# Exercise objective
Everything from the line holding "this 300×420 image." through the end of the records should be printed exactly, apart from the pictures.

Given entries Start Marker

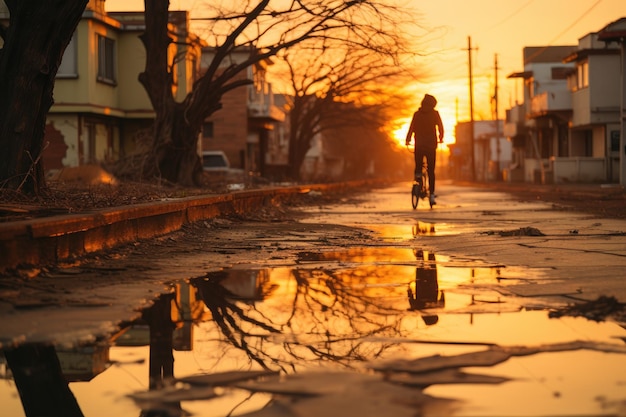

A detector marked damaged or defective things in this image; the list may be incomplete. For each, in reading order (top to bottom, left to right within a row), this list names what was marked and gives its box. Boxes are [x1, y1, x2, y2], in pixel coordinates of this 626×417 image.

rusty curb [0, 180, 378, 272]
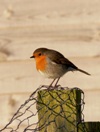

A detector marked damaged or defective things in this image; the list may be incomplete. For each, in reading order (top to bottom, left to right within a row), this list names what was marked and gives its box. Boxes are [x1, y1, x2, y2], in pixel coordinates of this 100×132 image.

rusty wire [0, 85, 85, 132]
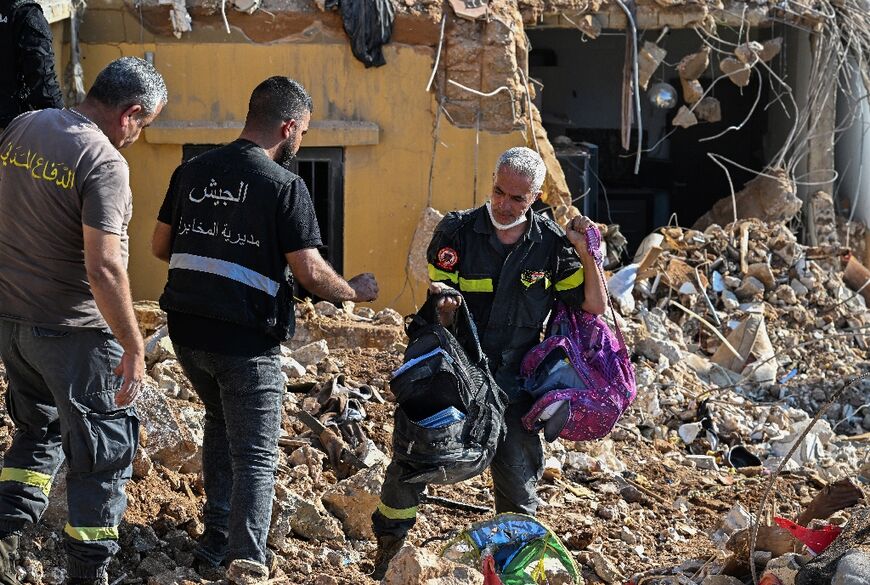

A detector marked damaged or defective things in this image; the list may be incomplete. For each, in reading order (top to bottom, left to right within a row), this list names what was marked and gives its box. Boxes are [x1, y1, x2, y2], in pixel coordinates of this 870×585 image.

damaged building facade [46, 0, 870, 310]
broken concrete slab [322, 460, 386, 540]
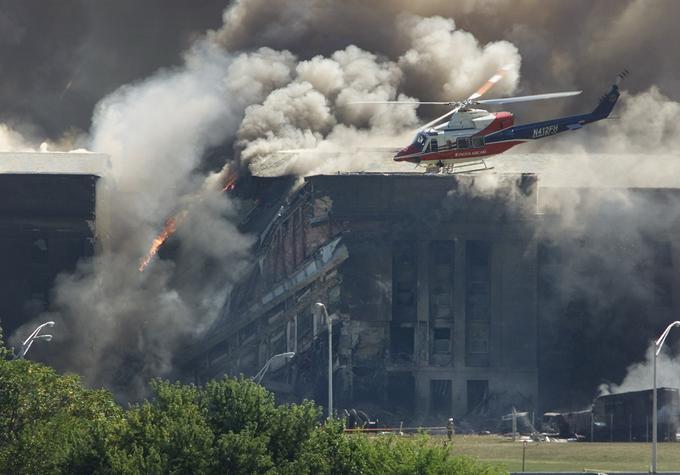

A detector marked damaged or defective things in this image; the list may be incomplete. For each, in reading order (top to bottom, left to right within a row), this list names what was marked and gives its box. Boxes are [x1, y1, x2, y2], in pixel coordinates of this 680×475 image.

damaged building [0, 153, 107, 338]
charred structure [183, 171, 680, 424]
damaged building [183, 173, 680, 426]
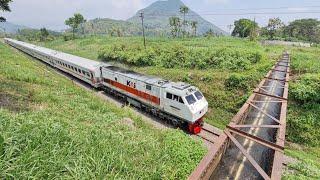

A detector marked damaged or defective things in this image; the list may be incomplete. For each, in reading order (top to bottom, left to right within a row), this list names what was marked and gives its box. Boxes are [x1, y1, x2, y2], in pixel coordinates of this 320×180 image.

rusted metal beam [224, 130, 272, 180]
rusted metal beam [226, 126, 284, 153]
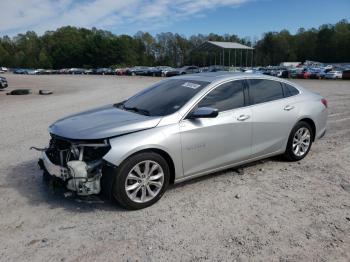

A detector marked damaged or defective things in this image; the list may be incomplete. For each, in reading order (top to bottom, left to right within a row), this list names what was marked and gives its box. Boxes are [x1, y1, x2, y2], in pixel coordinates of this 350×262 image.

damaged hood [48, 105, 162, 140]
damaged silver car [35, 72, 328, 210]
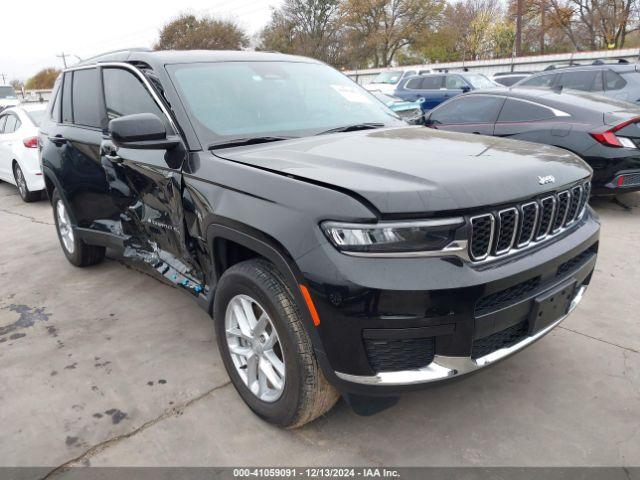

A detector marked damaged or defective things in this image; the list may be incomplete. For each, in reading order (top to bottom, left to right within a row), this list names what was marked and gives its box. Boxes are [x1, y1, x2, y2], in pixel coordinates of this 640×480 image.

crack in pavement [0, 209, 53, 226]
crack in pavement [556, 324, 636, 354]
crack in pavement [40, 380, 230, 478]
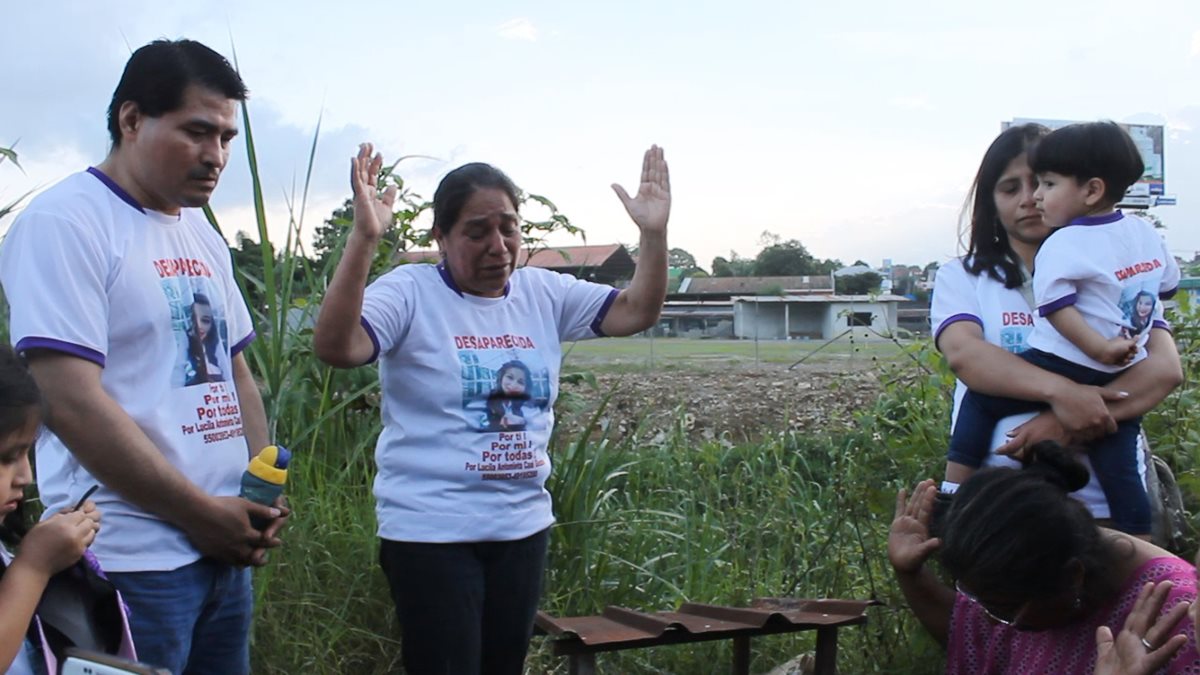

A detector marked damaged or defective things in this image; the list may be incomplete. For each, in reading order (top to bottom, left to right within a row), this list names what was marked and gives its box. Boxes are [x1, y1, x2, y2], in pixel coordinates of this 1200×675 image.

rusty metal bench [540, 595, 878, 667]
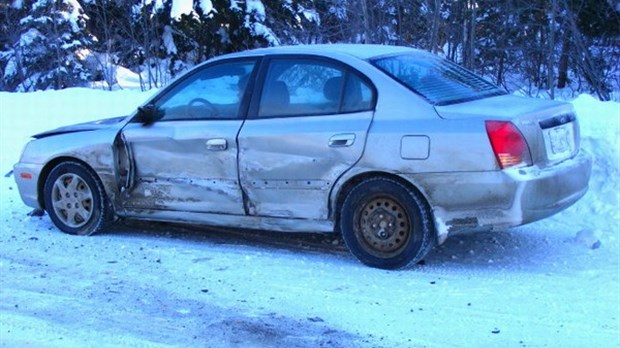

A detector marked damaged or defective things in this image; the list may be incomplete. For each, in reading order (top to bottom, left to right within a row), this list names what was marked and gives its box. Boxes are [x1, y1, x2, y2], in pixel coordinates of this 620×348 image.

rusted rim [50, 174, 92, 228]
dented car body [12, 45, 588, 270]
damaged silver sedan [13, 44, 592, 270]
rusted rim [356, 196, 410, 258]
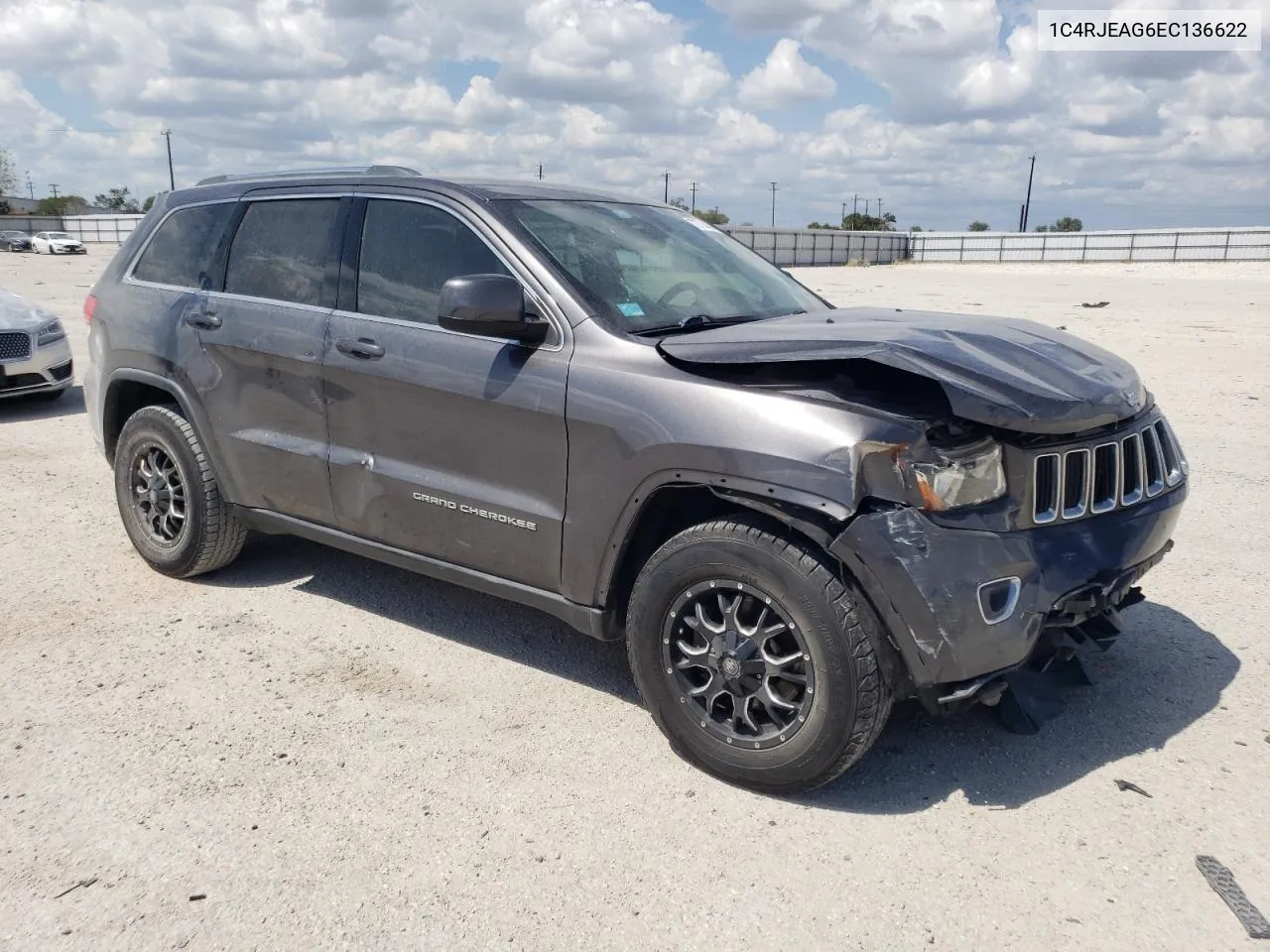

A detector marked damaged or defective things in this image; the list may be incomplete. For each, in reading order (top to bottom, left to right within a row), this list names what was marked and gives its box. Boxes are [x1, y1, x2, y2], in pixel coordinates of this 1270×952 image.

damaged jeep grand cherokee [84, 168, 1183, 793]
broken headlight [909, 440, 1008, 512]
crumpled front end [833, 401, 1191, 722]
cracked bumper [833, 488, 1191, 686]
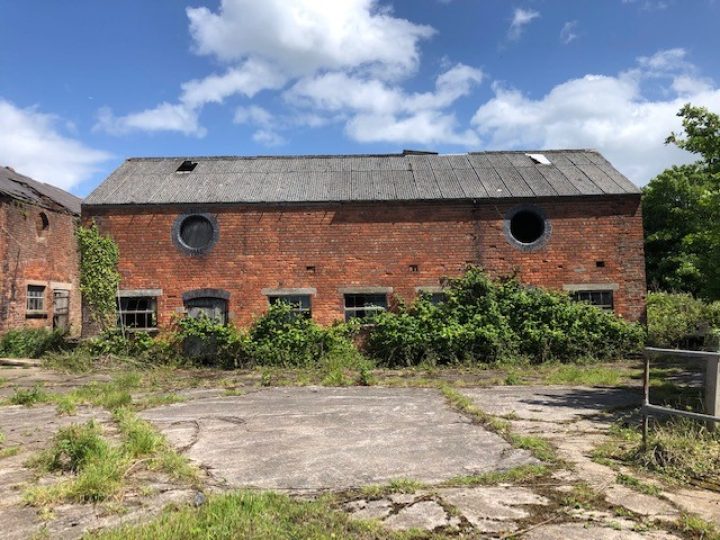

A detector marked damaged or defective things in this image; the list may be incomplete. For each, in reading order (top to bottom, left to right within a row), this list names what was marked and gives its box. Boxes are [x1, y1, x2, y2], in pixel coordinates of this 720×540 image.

broken small window [26, 282, 45, 312]
rusted metal gate [52, 288, 70, 332]
broken small window [117, 296, 157, 330]
broken small window [268, 294, 310, 318]
broken small window [344, 296, 388, 320]
broken small window [572, 292, 612, 312]
cracked concrete yard [1, 364, 720, 536]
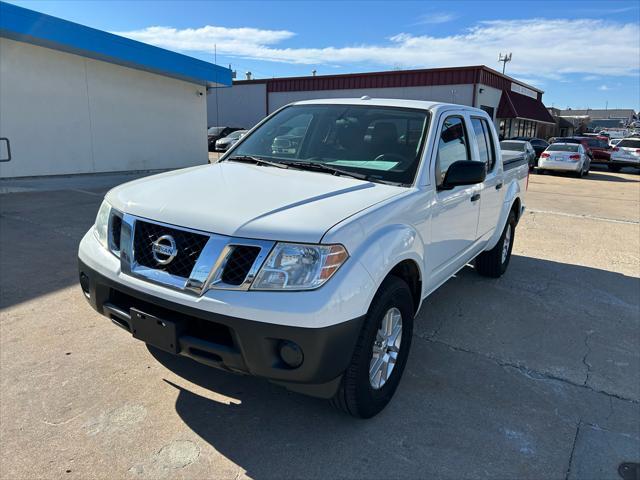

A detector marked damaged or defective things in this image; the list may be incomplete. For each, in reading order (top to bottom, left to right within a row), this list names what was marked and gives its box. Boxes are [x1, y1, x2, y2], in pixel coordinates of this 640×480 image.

crack in pavement [418, 334, 636, 404]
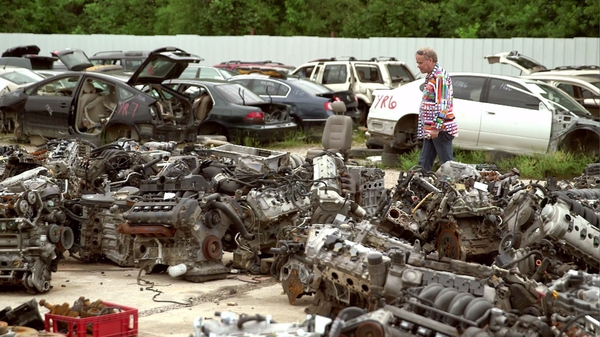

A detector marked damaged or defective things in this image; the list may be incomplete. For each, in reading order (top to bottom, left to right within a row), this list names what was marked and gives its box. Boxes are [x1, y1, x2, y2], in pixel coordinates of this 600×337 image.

rusty metal part [202, 234, 223, 260]
rusty metal part [434, 226, 462, 260]
rusty metal part [280, 268, 302, 304]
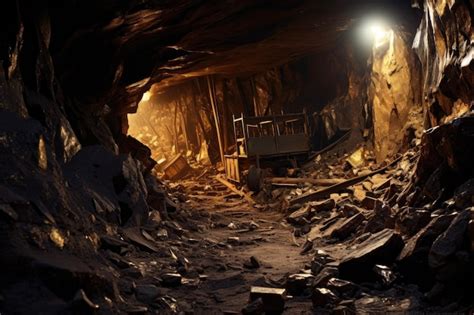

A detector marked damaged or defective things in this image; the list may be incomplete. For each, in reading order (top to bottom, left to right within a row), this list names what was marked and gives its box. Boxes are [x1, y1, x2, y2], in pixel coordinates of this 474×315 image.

broken timber [214, 175, 254, 205]
broken timber [290, 156, 402, 207]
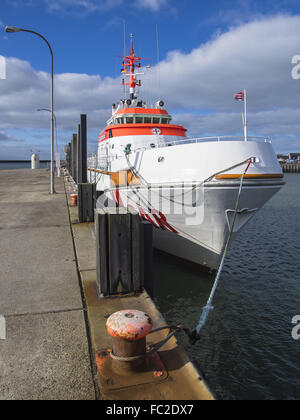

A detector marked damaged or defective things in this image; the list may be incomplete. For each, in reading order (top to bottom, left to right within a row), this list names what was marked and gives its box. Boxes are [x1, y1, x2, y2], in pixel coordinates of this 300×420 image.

rusty mooring bollard [106, 308, 154, 374]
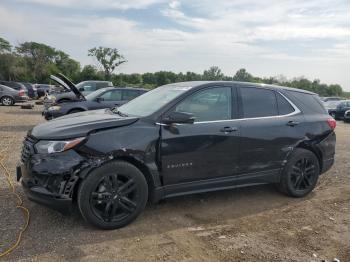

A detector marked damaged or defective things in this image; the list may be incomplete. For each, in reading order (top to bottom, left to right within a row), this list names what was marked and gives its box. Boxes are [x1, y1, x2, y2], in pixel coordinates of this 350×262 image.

Given entries End Marker

# Result of this task
A detector marked damaged or defective things in this image; the list may be incomplete. For each, in reading order (top to bottom, left to right within a row), this list names what was marked and gives its box. Boxes are [x1, y1, x2, y2], in pixel coordinates of this 300×420 image.

rusty mooring bollard [106, 308, 154, 374]

A detector marked damaged or defective things in this image; the list may be incomplete. For each, in reading order (top to bottom, left to right within a row), this list names what was marked and gives its box. Boxes are [x1, y1, x2, y2], in pixel coordinates of this 350×262 image.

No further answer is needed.